Published on: April 10, 2021, 6:11 p.m.
Battle royale
  • Illustration: Panju Ganguli

By Business India Editorial

Ratan Tata must be a relieved man. One major question mark on his otherwise unblemished career was the question of the removal of the chairman, Cyrus Mistry, from Tata Sons. The very person he and his board had appointed. More than the ignominy of the ouster was the way in which Mistry was removed. What still remains a mystery is why Tata did it knowing fully well that his actions could severely damage his reputation and legacy.

While the mystery still remains unsolved, the three judge Supreme Court judgement delivered in the Tatas vs Mistry case has finally laid to rest Tata Sons’ exercise of power and not only set aside the order of the NCLAT, which had sought the reinstatement of Mistry as the chairman of Tata Sons, but also passed severe comments on Mistry. From the very beginning Business India had said that Mistry had no case, based on the fundamental provisions of company law.

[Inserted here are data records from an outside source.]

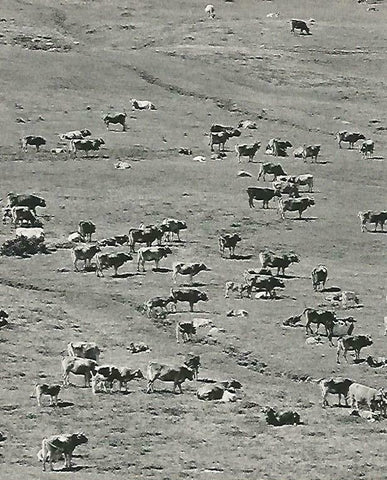 LAMINA 14623: Vacas en el Vall d'Aran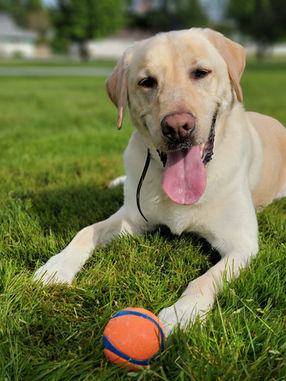 lab laying in the grass with a ball after playing
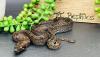 Hypo RLT Leopard boa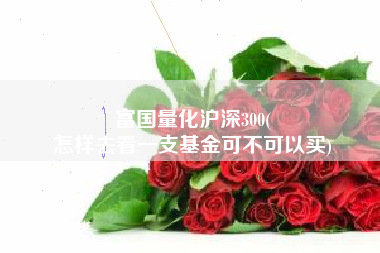 富国量化沪深300(
怎样去看一支基金可不可以买) 富国量化沪深300(
怎样去看一支基金可不可以买)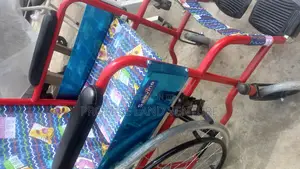 Children Wheelchair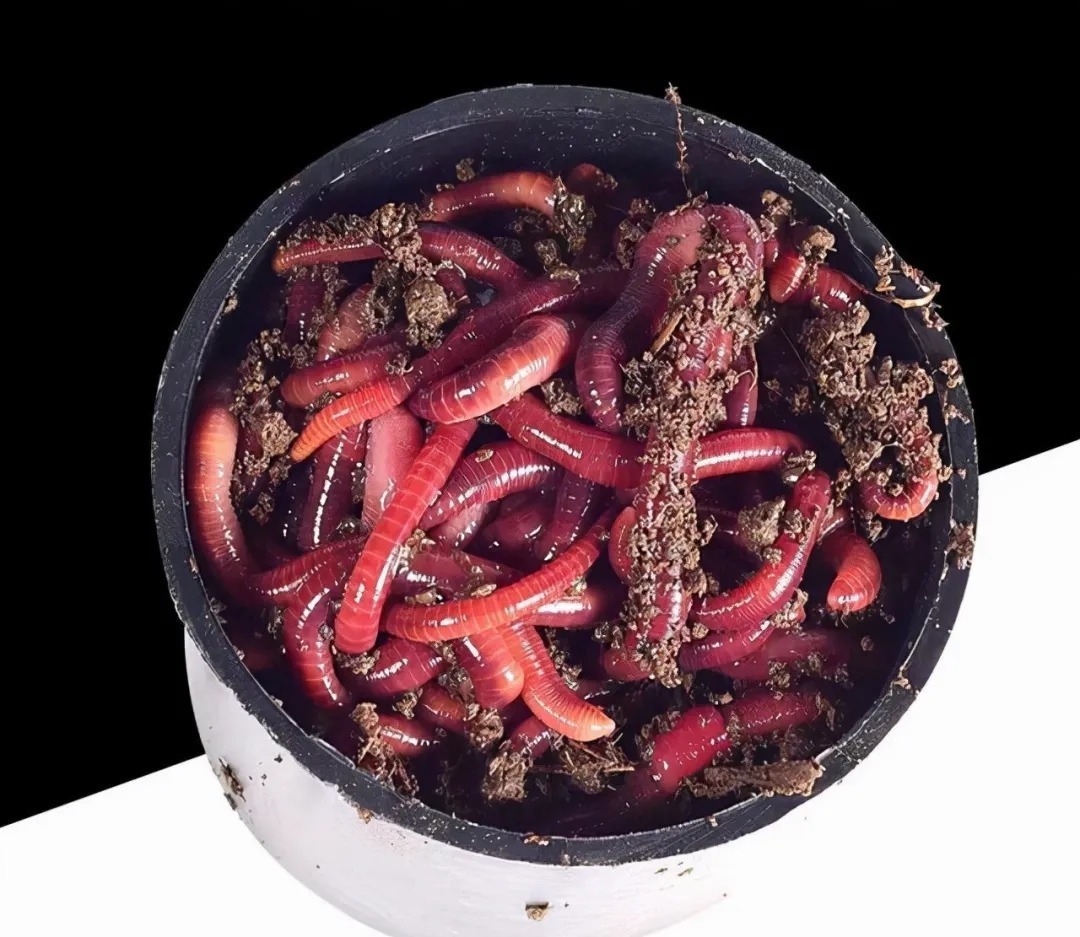 冬季钓鲫鱼什么饵料好?这3种饵料足够了,特别是第1种很好用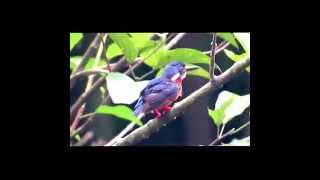 preview picture of video 'Blue-eared Kingfisher (Alcedo meninting, Raja-Udang Meninting) preening'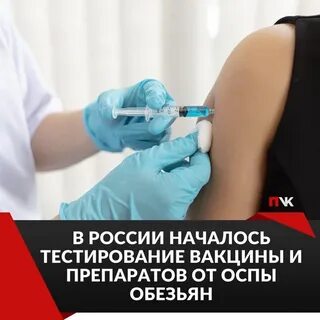 Проверить прививка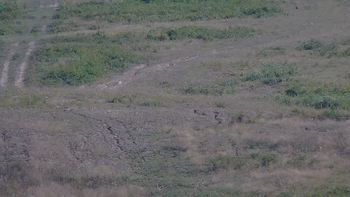 Красія 19 серпня 2019 року, 2019-08-19 16:00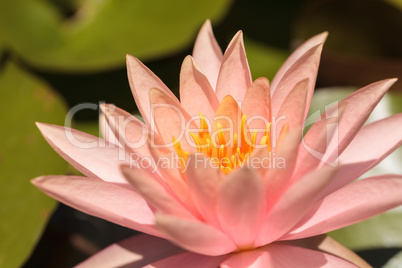 Pink water lily flower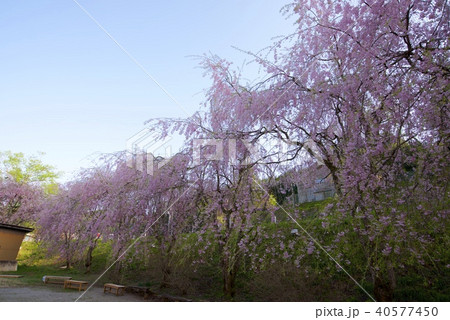 新潟県村上市中継のしだれ桜 40577450
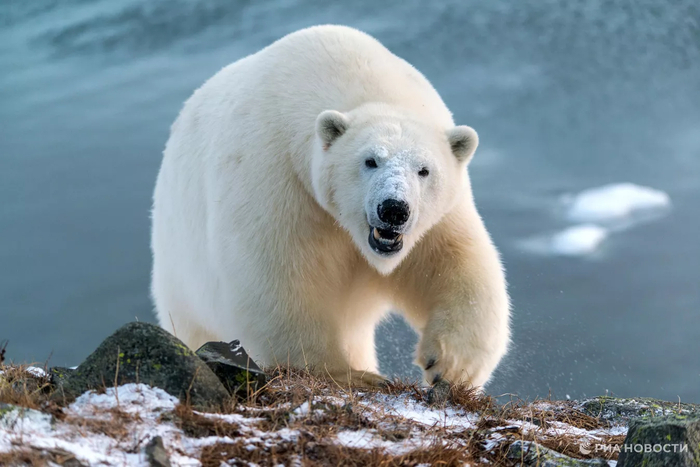 Белый медведь на мысе Кожевникова. Архивное фото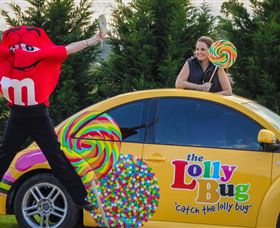 The Lolly Bug - Local Tourism 0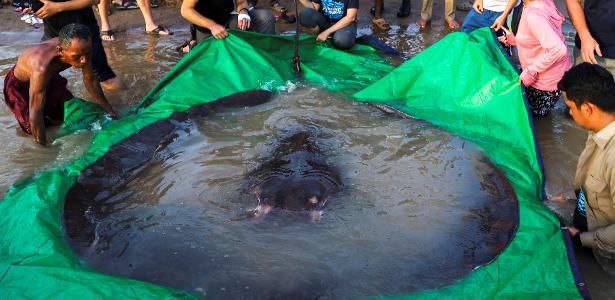 Giant stingray weighing 300 kg becomes largest freshwater fish ever caught
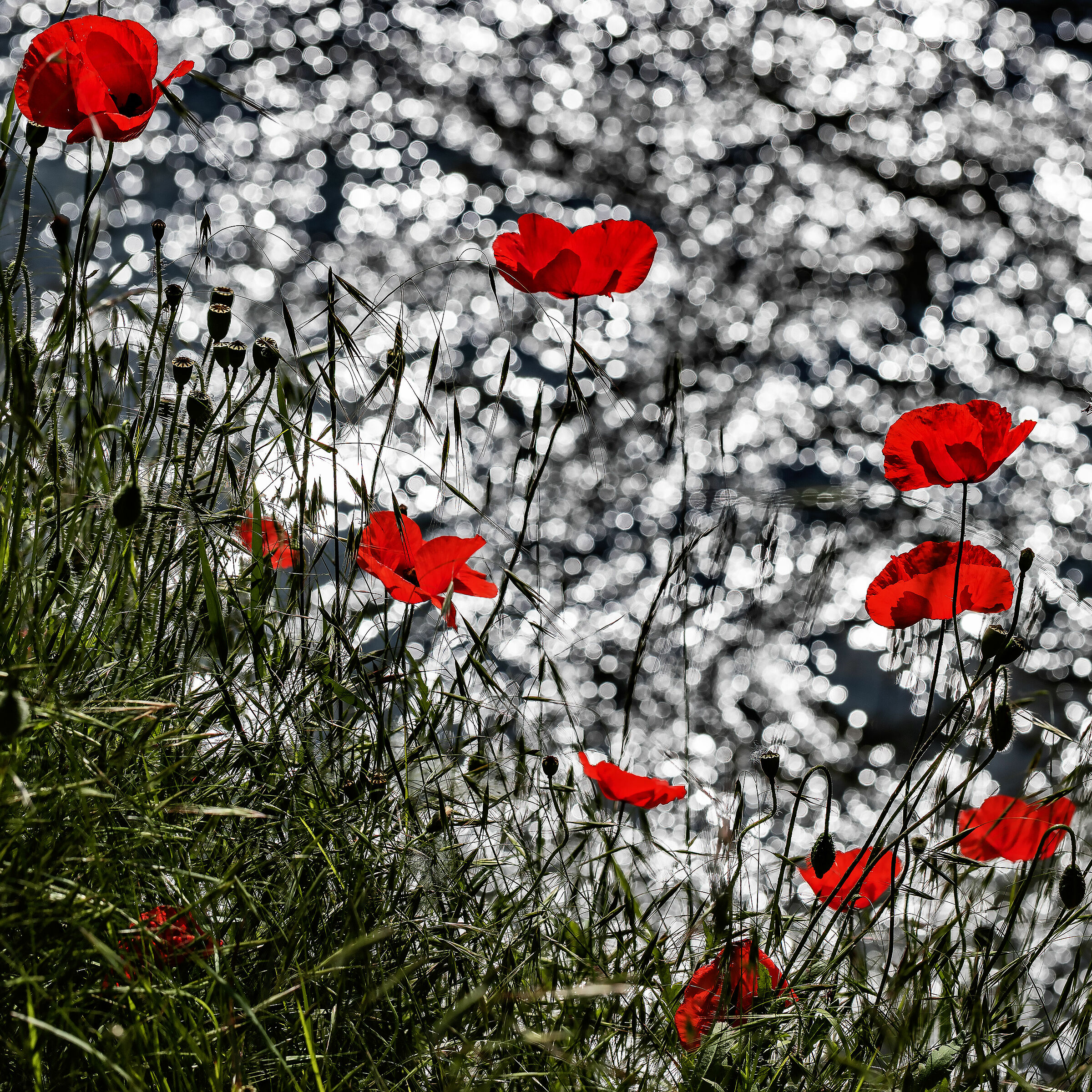 Con tutte quelle, tutte quelle bollicine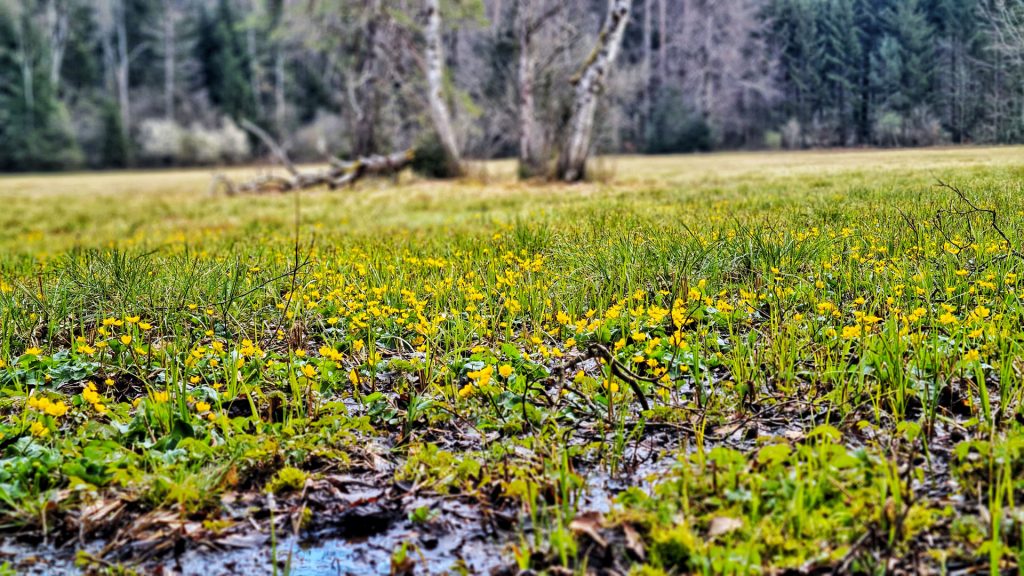 Moorland in the Sihlwald. In spring the yellow butter cup flowers bloom.
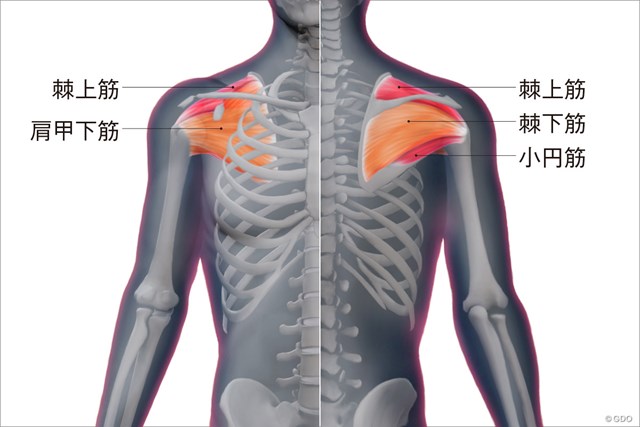 四十肩 五十肩の改善と予防について 背骨コンディショニング墨田教室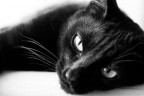 Chat Chat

“It is not about winning or losing. It is a validation of the value and ethics that have always been the guiding principles of the group,” tweeted chairman emeritus Ratan Tata soon after the judgement was made public. The judgement, will bring an end to the most high-profile corporate battle. 

Overturning all the orders passed by NCLAT and also the additional claims made by Mistry, the bench came down heavily on NCLAT. At one point it went on to remark that quasi-judicial tribunals were created with a view to avoid delays in the dispensation of justice, but instead of eliminating delay, it had eliminated discipline in the various pleadings and procedures involved. 

The battle surfaced after the board of Tata Sons ousted Mistry, in 2016. And, as expected, Mistry sought legal redress by knocking at the doors of various courts and quasi-judicial bodies before all the appeals and orders passed by NCLAT were disposed of by the highest court. Various points of law were examined in great detail and are likely to serve as a benchmark in all future cases in the coming years. These included some fundamental questions as to what constitutes minority oppression, the principle of what is just and equitable, corporate governance and the rights governing private and public companies.

The bench observed that Mistry’s appointment was based on his merits and not because he was the representative of Shapoorji Pallonji’s 18.5 per cent stake in the company. There are several precedents to the effect that an illegal dismissal does not make the dismissal a nullity. Another point related to the articles of association regarding which the bench observed that the Shapoorji Mistry group had invested in Tata Sons many years after it was incorporated and had then accepted the articles of association. No objections were raised at the time.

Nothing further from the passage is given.